Travelling in Africa taught me many things, and sometimes the lessons had to be repeated more than once for me to learn them.

The people there seem to have a real curiosity about others, a real desire to interact and learn about people from other places. 

I saw this on several occasions during a month-and-a-half, seven-country overland tour through East and Central Africa, but the most shining example I saw of this took place on the road in Tanzania between the Ngorongoro Crater and Tarangire National Park.

During our travels there, the main highway through the country was a dirt road; the only paved roads we encountered during our entire journey from one end of the country to the other was in the larger cities. We spent many of our nights bush-camping, either on the side of a rural road or in a schoolyard (with permission). 

Roadside or schoolyard, it made no difference. The minute we pulled up and began setting up camp for the night, local people would appear, almost as if they’d been invisible and decided at that point to show themselves to us.

Most of the time, the people would just would watch and smile. Occasionally they would whisper to each other, laughing quietly from time to time. I can only imagine what they were thinking about these strange visitors from another place who obviously were very well off – but who chose to cook on open fires and sleep on the ground in pup tents.

Every now and then, one or two would reach out to us – or sometimes we’d reach out to them – and a connection would be made. 
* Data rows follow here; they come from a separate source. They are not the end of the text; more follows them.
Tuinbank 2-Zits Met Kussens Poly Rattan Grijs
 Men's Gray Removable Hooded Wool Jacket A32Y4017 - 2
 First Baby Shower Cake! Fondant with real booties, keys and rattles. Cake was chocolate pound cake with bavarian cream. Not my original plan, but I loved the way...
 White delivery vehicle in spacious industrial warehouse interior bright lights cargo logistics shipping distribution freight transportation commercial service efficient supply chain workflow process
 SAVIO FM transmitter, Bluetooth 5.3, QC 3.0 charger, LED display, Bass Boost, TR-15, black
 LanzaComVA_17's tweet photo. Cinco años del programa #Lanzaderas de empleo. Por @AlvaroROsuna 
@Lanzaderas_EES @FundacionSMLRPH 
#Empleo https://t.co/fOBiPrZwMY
In most of these attempts at connection, we often found their English to be limited - but it was still usually better than our “phrasebook Swahili.” If I wanted to say anything other than a hello, ask for beer or thank someone, I had to look it up.

As it turned out, I found out how to say something in Swahili I never expected to learn – but I don’t want to get ahead of myself.

We always had plenty of interaction whenever we stopped to look at souvenirs produced by local craftsmen, and it was always lively, interesting, and entertaining - especially when clothes like hats, sneakers, and colorful T-shirts entered into the mix and became more valuable than currency, which they often did.

It is the nature of merchants to be gregarious, particularly in the bartering culture we encountered so many times during our travels through Africa. They truly enjoyed the interaction, the give-and-take, as much as making an actual sale. It was a social event. And I’m sure they often felt they got the better deal – just like we did.

On one particular day, we were driving along the road after leaving the Crater and saw several road-side stands that offered African carvings, shields and spears, drums, masks – everything that said “Africa.” The lorry we travelled in pulled over and out we poured, 20 of us from North America, Britain, Australia and New Zealand, ready to do business in the African bush.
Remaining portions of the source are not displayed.